All lines after the one containing "Golden Brown Sliced", together with that line itself, should be written out exactly, down to the last line of the entries below.

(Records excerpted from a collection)
|---|

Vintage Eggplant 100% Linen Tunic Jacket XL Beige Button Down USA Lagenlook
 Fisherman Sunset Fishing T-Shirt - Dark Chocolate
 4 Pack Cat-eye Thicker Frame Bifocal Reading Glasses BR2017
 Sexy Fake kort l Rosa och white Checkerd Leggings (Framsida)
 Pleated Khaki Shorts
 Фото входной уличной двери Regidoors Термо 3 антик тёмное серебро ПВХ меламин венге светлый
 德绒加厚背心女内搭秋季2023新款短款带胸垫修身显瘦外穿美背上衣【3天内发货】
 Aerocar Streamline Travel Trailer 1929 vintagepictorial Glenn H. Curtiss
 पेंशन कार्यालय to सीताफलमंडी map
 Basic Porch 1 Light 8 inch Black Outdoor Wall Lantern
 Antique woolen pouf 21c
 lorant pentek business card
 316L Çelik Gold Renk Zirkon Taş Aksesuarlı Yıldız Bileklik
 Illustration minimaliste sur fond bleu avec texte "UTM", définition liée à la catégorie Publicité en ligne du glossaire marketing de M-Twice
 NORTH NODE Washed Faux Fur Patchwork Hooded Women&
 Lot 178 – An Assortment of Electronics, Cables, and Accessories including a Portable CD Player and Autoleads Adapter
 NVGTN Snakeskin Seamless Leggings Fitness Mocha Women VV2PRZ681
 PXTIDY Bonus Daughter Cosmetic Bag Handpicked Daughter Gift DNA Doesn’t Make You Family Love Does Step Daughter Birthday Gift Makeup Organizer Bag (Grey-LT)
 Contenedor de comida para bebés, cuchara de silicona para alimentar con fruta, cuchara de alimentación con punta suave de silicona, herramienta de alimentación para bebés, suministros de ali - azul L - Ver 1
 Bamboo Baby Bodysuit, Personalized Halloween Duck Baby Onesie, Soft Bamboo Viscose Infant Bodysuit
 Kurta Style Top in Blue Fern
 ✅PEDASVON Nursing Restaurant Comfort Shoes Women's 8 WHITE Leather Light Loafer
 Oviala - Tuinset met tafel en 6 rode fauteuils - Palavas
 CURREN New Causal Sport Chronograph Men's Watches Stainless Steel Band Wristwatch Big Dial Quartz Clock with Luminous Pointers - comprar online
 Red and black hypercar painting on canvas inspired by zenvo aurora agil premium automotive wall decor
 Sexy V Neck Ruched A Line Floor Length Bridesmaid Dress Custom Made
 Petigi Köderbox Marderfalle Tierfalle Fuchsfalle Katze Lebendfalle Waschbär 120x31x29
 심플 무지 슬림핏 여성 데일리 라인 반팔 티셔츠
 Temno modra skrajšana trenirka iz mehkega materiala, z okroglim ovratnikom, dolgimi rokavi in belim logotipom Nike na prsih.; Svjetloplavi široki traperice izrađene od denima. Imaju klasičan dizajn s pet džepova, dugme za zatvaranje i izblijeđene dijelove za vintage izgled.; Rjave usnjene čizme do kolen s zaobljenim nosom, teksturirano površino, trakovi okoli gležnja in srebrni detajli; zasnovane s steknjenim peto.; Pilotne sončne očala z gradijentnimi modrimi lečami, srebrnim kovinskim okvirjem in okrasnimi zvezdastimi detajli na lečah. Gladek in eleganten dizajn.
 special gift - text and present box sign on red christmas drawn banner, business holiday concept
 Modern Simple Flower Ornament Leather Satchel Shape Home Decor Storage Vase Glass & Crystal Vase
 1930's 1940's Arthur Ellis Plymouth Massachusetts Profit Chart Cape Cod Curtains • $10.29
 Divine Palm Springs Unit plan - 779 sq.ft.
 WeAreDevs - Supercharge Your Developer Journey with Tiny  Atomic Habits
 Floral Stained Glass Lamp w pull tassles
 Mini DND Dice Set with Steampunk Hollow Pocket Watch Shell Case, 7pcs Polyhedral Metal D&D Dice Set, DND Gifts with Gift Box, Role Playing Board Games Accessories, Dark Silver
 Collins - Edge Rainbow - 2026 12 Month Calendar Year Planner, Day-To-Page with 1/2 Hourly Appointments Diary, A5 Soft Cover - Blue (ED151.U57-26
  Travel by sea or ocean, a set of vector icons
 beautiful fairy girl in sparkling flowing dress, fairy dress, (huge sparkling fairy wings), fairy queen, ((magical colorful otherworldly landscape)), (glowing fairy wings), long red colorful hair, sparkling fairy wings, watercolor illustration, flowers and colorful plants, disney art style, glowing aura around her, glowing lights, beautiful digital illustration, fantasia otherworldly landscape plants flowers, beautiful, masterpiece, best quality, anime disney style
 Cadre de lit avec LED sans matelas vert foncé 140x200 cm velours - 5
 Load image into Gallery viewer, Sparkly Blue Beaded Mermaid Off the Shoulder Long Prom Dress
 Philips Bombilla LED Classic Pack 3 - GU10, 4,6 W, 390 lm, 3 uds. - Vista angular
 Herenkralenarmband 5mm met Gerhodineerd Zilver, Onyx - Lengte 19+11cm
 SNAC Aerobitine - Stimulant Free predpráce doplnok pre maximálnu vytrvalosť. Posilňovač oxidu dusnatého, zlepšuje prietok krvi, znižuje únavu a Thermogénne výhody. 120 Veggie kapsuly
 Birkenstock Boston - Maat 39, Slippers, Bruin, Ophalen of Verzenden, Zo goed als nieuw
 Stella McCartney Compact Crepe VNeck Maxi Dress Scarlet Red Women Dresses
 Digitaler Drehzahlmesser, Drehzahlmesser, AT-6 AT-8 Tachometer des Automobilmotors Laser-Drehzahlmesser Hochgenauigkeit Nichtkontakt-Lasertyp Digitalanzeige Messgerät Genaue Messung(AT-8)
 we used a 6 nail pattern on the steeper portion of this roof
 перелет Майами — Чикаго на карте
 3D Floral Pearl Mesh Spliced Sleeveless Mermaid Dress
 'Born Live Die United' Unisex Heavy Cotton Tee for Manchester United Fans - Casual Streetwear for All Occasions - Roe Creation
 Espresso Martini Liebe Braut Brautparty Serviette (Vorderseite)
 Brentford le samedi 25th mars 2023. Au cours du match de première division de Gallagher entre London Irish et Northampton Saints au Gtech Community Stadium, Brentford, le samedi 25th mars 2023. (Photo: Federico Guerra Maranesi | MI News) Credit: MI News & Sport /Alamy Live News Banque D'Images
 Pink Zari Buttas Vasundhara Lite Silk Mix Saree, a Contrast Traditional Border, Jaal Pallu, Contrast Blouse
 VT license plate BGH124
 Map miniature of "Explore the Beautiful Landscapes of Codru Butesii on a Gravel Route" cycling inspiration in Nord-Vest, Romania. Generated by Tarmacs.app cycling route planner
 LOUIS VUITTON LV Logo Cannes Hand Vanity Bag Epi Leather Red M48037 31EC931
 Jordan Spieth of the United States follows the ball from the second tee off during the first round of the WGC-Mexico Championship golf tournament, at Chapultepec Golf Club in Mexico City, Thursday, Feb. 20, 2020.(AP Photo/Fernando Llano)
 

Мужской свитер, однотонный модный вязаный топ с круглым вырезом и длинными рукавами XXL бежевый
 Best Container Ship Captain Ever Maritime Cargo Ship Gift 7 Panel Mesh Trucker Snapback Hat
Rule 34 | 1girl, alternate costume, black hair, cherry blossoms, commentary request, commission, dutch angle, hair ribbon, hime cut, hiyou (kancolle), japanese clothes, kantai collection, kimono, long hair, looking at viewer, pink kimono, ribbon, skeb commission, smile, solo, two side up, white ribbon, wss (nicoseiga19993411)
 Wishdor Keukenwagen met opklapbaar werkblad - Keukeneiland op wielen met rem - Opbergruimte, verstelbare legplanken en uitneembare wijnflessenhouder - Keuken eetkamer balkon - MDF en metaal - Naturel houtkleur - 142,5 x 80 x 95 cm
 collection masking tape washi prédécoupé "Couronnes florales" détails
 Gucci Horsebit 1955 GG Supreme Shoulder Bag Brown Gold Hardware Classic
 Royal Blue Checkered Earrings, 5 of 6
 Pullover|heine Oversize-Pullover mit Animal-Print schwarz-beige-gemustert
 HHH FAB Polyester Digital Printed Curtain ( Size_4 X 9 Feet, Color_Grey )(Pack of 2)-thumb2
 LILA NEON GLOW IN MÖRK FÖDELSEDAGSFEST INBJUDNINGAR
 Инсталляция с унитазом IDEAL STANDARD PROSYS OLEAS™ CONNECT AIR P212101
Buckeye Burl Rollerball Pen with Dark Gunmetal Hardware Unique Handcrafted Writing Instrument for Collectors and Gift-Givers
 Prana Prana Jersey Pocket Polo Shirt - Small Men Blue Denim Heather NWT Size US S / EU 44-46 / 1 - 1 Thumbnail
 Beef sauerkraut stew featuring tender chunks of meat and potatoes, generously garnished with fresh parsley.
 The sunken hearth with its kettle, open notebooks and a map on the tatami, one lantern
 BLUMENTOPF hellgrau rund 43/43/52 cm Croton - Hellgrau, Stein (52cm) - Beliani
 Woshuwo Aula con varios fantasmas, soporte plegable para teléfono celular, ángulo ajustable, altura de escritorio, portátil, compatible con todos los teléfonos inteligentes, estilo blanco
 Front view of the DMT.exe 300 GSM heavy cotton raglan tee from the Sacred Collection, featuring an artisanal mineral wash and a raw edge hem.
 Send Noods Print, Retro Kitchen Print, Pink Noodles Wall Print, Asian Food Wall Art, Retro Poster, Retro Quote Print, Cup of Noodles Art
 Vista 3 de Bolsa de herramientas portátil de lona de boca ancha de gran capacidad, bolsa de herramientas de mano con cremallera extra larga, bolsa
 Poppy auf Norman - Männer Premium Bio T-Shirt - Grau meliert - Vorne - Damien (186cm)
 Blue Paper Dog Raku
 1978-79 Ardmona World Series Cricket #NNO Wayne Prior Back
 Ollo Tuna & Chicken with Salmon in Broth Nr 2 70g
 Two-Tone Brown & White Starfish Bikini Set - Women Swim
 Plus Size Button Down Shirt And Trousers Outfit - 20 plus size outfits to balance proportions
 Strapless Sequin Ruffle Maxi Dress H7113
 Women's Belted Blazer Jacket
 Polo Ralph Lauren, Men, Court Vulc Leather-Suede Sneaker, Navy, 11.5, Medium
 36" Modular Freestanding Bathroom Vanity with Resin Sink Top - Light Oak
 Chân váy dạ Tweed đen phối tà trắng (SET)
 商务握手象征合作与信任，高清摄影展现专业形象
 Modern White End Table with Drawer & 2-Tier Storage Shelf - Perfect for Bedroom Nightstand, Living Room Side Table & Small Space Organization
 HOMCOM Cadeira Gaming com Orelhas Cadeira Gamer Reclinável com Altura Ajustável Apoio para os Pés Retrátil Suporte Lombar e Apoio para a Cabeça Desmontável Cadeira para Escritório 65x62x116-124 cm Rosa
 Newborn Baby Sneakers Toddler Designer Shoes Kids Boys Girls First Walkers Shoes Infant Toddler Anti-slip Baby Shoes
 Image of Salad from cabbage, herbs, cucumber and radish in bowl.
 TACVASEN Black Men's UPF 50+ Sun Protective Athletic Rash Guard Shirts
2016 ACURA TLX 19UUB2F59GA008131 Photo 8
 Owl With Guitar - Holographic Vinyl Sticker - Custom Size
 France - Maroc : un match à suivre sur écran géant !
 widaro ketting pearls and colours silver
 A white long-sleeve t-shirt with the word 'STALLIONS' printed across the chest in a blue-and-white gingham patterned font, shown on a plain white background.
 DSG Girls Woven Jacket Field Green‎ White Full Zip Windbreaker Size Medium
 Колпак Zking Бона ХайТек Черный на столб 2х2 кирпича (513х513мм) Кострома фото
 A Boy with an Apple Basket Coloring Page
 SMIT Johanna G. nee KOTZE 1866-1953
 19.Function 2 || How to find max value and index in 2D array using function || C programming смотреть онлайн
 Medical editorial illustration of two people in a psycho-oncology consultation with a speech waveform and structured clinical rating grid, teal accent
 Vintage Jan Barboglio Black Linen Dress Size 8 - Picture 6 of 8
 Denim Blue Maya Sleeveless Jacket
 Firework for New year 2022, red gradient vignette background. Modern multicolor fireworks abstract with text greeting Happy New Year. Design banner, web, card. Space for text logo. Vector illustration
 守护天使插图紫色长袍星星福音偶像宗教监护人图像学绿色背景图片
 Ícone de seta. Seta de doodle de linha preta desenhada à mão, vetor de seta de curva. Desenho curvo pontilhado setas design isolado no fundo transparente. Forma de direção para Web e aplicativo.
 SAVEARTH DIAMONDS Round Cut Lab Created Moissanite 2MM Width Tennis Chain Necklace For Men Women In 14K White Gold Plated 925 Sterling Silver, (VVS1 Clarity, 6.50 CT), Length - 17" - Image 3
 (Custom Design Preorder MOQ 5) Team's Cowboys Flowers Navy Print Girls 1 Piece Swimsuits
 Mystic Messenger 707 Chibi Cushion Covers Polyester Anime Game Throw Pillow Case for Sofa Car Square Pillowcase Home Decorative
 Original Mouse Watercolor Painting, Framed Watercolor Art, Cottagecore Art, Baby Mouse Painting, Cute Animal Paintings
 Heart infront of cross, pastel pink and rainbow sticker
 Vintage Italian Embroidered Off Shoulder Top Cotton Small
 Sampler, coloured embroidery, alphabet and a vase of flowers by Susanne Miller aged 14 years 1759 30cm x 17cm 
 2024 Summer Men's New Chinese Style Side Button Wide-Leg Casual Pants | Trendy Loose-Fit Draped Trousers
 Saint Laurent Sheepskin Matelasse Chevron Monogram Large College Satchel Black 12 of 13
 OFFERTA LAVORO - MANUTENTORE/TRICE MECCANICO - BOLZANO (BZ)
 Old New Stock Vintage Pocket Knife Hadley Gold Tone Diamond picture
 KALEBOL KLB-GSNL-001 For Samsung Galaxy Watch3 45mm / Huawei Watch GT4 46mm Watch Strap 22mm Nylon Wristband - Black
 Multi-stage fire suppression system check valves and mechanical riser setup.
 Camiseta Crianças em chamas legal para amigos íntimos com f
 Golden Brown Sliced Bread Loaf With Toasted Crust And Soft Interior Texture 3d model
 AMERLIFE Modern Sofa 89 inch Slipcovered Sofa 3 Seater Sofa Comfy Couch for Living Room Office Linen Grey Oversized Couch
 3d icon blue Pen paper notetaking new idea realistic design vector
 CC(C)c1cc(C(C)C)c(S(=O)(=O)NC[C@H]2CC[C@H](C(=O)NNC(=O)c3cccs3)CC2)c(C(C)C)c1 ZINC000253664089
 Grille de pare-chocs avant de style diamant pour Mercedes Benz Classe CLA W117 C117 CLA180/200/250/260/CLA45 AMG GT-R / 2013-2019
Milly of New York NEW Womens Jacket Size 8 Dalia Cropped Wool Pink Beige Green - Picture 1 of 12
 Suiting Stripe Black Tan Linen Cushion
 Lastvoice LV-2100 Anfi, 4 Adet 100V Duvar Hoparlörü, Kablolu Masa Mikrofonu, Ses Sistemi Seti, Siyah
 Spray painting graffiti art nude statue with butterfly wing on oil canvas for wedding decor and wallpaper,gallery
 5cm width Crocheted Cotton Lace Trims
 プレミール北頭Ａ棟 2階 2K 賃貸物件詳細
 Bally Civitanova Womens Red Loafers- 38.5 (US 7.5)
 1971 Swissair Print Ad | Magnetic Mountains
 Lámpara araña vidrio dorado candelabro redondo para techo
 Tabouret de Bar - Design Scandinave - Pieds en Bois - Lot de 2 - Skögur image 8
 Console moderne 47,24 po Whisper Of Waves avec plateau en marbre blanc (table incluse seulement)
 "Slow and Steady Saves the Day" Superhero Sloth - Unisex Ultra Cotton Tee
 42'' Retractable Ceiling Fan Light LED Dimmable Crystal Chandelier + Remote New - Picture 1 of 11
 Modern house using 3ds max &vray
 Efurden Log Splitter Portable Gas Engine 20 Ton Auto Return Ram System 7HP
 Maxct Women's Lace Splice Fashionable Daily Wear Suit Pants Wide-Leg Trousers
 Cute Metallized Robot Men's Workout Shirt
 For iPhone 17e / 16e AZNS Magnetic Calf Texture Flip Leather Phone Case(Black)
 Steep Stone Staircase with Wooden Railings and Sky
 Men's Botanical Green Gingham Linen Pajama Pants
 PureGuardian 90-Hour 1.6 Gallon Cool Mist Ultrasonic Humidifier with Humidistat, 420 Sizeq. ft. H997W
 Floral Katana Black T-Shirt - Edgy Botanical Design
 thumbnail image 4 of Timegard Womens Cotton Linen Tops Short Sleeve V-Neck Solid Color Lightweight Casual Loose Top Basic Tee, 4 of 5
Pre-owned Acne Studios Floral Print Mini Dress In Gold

|---|

Output for this exercise
 Golden Brown Sliced Bread Loaf With Toasted Crust And Soft Interior Texture 3d model
 AMERLIFE Modern Sofa 89 inch Slipcovered Sofa 3 Seater Sofa Comfy Couch for Living Room Office Linen Grey Oversized Couch
 3d icon blue Pen paper notetaking new idea realistic design vector
 CC(C)c1cc(C(C)C)c(S(=O)(=O)NC[C@H]2CC[C@H](C(=O)NNC(=O)c3cccs3)CC2)c(C(C)C)c1 ZINC000253664089
 Grille de pare-chocs avant de style diamant pour Mercedes Benz Classe CLA W117 C117 CLA180/200/250/260/CLA45 AMG GT-R / 2013-2019
Milly of New York NEW Womens Jacket Size 8 Dalia Cropped Wool Pink Beige Green - Picture 1 of 12
 Suiting Stripe Black Tan Linen Cushion
 Lastvoice LV-2100 Anfi, 4 Adet 100V Duvar Hoparlörü, Kablolu Masa Mikrofonu, Ses Sistemi Seti, Siyah
 Spray painting graffiti art nude statue with butterfly wing on oil canvas for wedding decor and wallpaper,gallery
 5cm width Crocheted Cotton Lace Trims
 プレミール北頭Ａ棟 2階 2K 賃貸物件詳細
 Bally Civitanova Womens Red Loafers- 38.5 (US 7.5)
 1971 Swissair Print Ad | Magnetic Mountains
 Lámpara araña vidrio dorado candelabro redondo para techo
 Tabouret de Bar - Design Scandinave - Pieds en Bois - Lot de 2 - Skögur image 8
 Console moderne 47,24 po Whisper Of Waves avec plateau en marbre blanc (table incluse seulement)
 "Slow and Steady Saves the Day" Superhero Sloth - Unisex Ultra Cotton Tee
 42'' Retractable Ceiling Fan Light LED Dimmable Crystal Chandelier + Remote New - Picture 1 of 11
 Modern house using 3ds max &vray
 Efurden Log Splitter Portable Gas Engine 20 Ton Auto Return Ram System 7HP
 Maxct Women's Lace Splice Fashionable Daily Wear Suit Pants Wide-Leg Trousers
 Cute Metallized Robot Men's Workout Shirt
 For iPhone 17e / 16e AZNS Magnetic Calf Texture Flip Leather Phone Case(Black)
 Steep Stone Staircase with Wooden Railings and Sky
 Men's Botanical Green Gingham Linen Pajama Pants
 PureGuardian 90-Hour 1.6 Gallon Cool Mist Ultrasonic Humidifier with Humidistat, 420 Sizeq. ft. H997W
 Floral Katana Black T-Shirt - Edgy Botanical Design
 thumbnail image 4 of Timegard Womens Cotton Linen Tops Short Sleeve V-Neck Solid Color Lightweight Casual Loose Top Basic Tee, 4 of 5
Pre-owned Acne Studios Floral Print Mini Dress In Gold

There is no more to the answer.